PROBLEM ::
Below is a listing; print exactly its lines from the one containing "Men s El Borracho" down to the one containing "Reflective Cat Magnetic", both inclusive, with every picture left out.

DATASET EXTRACT ::
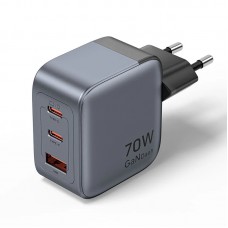 Сетевое зарядное устройство 2Type-C 1USB Vention (C+C+A) GaN III PD & PPS 70W QC4.0 5A Grey (FEXH0-EU)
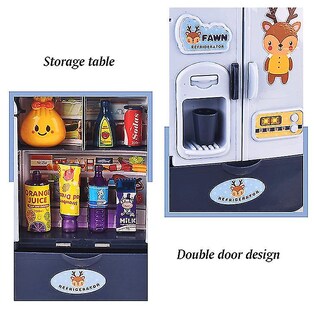 Foto 3 | Foto 3 | Juego De Minirefrigerador De Juguete Para Niños De Simulación De Doble Puerta Azul 9 Unidades - Venta Internacional.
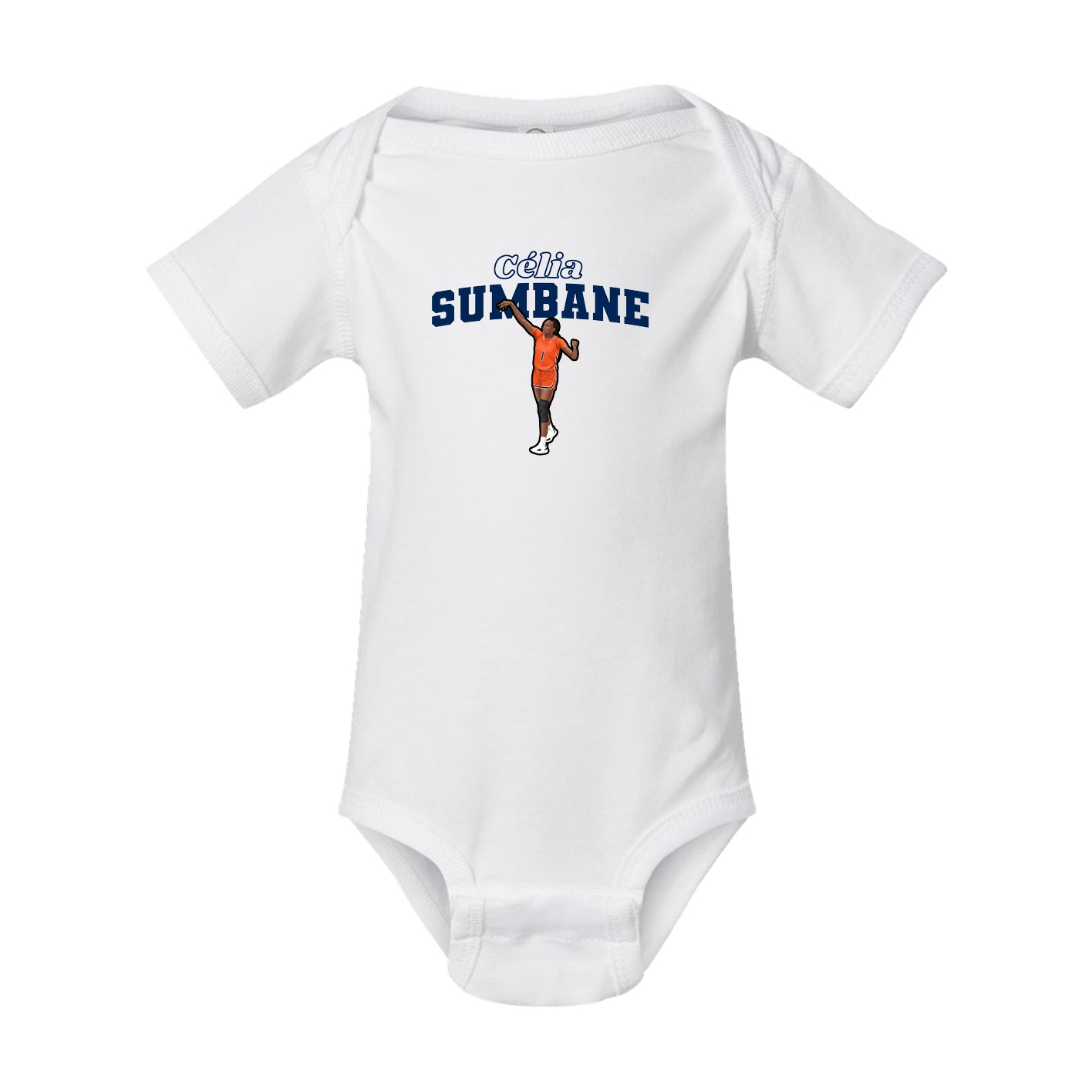 Baby Onesie — Name Arch in White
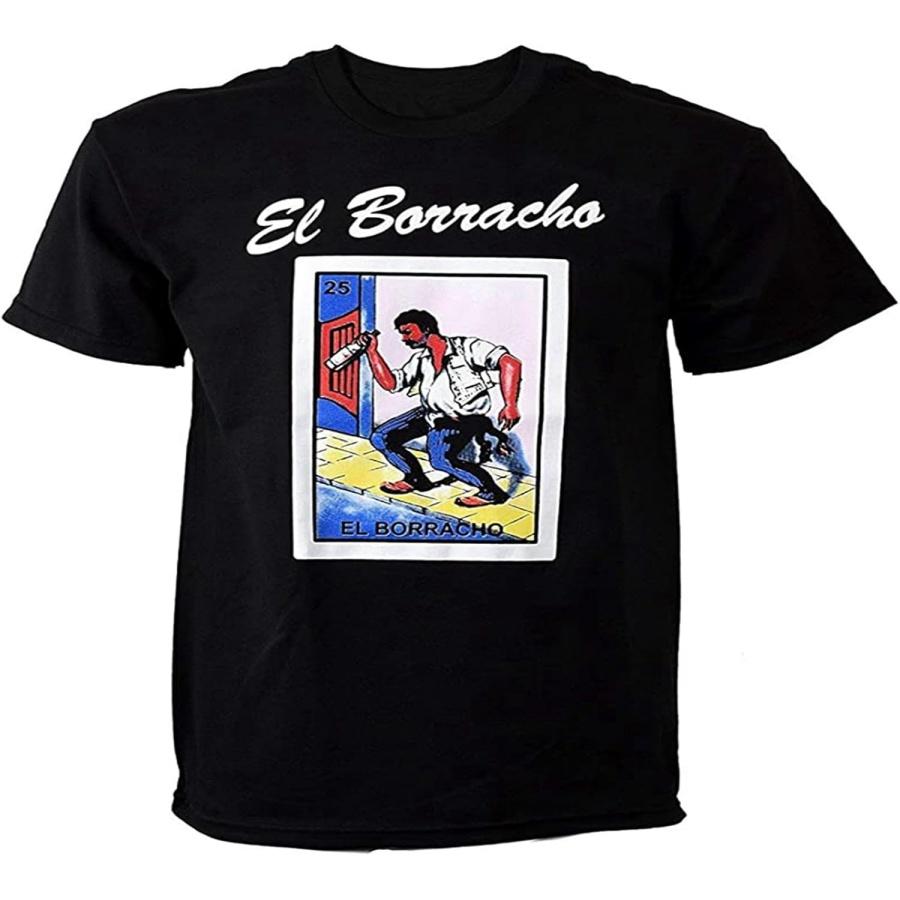 Men s El Borracho Mexican Loteria T-Shirts Black S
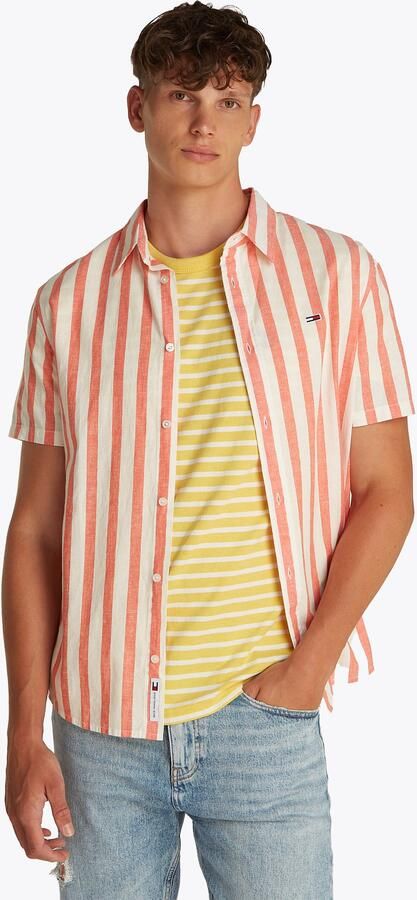 Tommy Jeans Regular fit vrijetijdsoverhemd van een mix van katoen en linnen - Foto 6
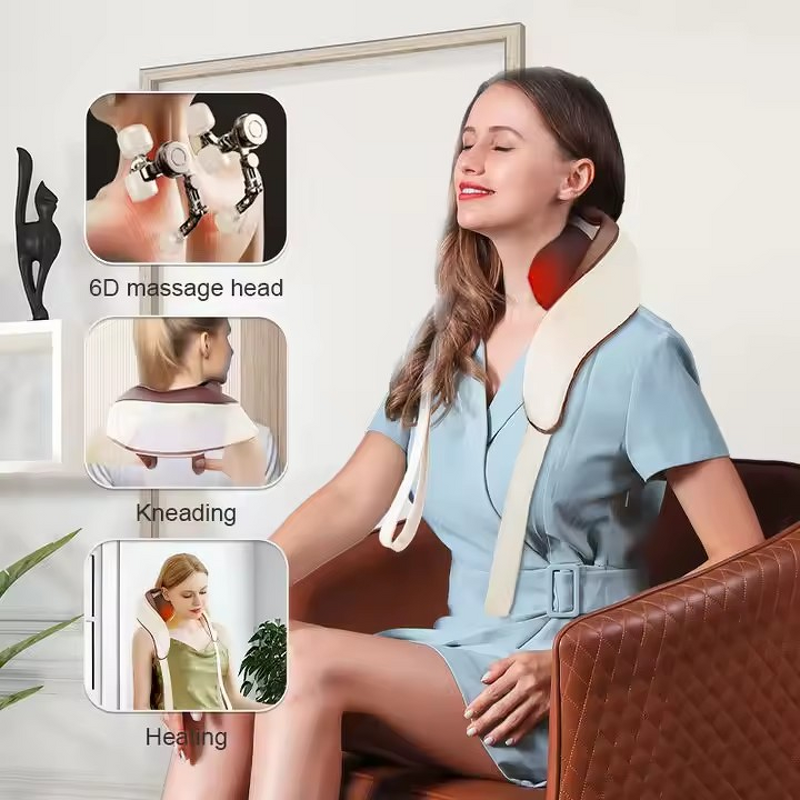 Shiatsu Neck Massage Belt - Electric Deep Tissue Heated Back Pain Relief Kneading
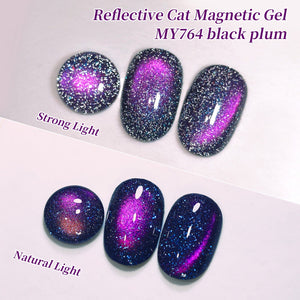 Reflective Cat Magnetic Gel MY764 Black Plum 15ml Gel Nail Polish BORN PRETTY 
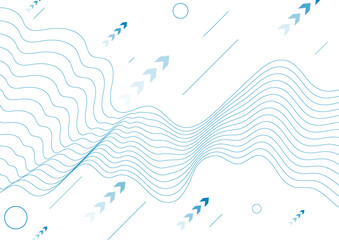 Wall Mural - Technology minimal background with blue wavy lines and arrows. Futuristic vector design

RESPONSE ::
 Men s El Borracho Mexican Loteria T-Shirts Black S
 Tommy Jeans Regular fit vrijetijdsoverhemd van een mix van katoen en linnen - Foto 6
 Shiatsu Neck Massage Belt - Electric Deep Tissue Heated Back Pain Relief Kneading
 Reflective Cat Magnetic Gel MY764 Black Plum 15ml Gel Nail Polish BORN PRETTY 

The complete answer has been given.